Dear all,
I configured a GPU Cluster with GRES the following way:
_*slurm.conf*_:
/[...]
GresTypes=gpu,gpu_mem
[...]
NodeName=hpcg01 NodeAddr=x.x.x.x CPUs=12 RealMemory=128741 Sockets=2
CoresPerSocket=6 ThreadsPerCore=1 State=IDLE
Gres=gpu_mem:6143,gpu:titanb:2
[...]/
_*gres.conf (on controller)*_:
/NodeName=hpcg1 Type=titanb Name=gpu File=/dev/nvidia[0,1]
[...]
NodeName=hpcg[1,3-6] Name=gpu_mem Count=6143
[...]/
_* gres.conf (on node hpcg01)*_:
/Name=gpu Type=titanb File=/dev/nvidia0
Name=gpu Type=titanb File=/dev/nvidia1
Name=gpu_mem Count=6143/
When I run batch scripts with the flag --gres=gpu:1,gpu_mem:2000 where a
program is allocating memory more than 2000 MB, the program still runs.

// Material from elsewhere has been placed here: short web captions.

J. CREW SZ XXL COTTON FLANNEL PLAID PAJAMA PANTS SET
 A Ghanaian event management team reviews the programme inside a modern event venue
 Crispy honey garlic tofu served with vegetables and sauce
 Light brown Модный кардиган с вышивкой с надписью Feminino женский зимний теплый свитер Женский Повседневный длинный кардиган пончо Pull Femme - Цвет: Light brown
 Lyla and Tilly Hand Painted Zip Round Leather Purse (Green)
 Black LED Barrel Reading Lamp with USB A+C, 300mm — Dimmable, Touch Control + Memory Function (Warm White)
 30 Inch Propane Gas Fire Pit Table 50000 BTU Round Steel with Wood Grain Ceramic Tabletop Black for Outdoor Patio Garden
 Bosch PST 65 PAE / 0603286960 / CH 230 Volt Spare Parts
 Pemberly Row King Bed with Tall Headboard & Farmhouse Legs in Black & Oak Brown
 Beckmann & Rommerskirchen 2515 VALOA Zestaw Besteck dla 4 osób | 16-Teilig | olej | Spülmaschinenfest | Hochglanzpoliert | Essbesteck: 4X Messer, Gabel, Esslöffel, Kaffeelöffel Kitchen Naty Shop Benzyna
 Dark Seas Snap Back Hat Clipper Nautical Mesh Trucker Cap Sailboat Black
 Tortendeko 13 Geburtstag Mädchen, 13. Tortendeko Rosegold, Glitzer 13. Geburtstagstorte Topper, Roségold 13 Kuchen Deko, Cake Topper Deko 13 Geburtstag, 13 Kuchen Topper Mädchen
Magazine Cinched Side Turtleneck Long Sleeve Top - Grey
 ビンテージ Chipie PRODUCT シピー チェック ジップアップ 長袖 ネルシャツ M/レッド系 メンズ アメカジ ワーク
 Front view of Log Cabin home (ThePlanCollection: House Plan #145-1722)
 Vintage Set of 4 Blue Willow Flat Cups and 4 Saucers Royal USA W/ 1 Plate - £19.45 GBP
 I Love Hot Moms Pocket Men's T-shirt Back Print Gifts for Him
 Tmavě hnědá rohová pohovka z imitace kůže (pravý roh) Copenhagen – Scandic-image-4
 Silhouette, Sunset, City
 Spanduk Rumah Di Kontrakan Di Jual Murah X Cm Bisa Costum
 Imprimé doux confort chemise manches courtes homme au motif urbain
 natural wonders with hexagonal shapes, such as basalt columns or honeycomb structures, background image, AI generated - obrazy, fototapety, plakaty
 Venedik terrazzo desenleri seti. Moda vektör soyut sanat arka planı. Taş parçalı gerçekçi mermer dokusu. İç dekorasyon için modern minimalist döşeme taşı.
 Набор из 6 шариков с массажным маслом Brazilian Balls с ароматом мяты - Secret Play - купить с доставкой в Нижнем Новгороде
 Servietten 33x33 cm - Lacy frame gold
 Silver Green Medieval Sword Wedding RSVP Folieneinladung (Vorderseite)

Should it not be terminated when exceeding the limits like in --mem? If
it should be terminated, I configured it somehow wrong. Does anybody
spot an error I made? I'm looking for a solution for days and I'm
running out of ideas.
Looking forward to your answers. Thanks in advance!
Best wishes,
Felix Willenborg